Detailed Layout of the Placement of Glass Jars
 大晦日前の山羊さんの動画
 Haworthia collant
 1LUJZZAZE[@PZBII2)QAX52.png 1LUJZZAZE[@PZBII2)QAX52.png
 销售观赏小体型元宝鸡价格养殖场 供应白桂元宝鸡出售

==

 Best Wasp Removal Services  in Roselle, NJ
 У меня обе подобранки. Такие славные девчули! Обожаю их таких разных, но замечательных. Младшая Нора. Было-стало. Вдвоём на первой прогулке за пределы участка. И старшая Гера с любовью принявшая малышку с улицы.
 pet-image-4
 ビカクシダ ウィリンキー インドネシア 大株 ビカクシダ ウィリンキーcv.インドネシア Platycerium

TASK >> Transcribe the records above from the line holding "Detailed Layout of" down to the line holding "销售观赏小体型元宝鸡价格养殖场 供应白桂元宝鸡出售", inclusive, without adding anything.

TASK SOLUTION >>
Detailed Layout of the Placement of Glass Jars
 大晦日前の山羊さんの動画
 Haworthia collant
 1LUJZZAZE[@PZBII2)QAX52.png 1LUJZZAZE[@PZBII2)QAX52.png
 销售观赏小体型元宝鸡价格养殖场 供应白桂元宝鸡出售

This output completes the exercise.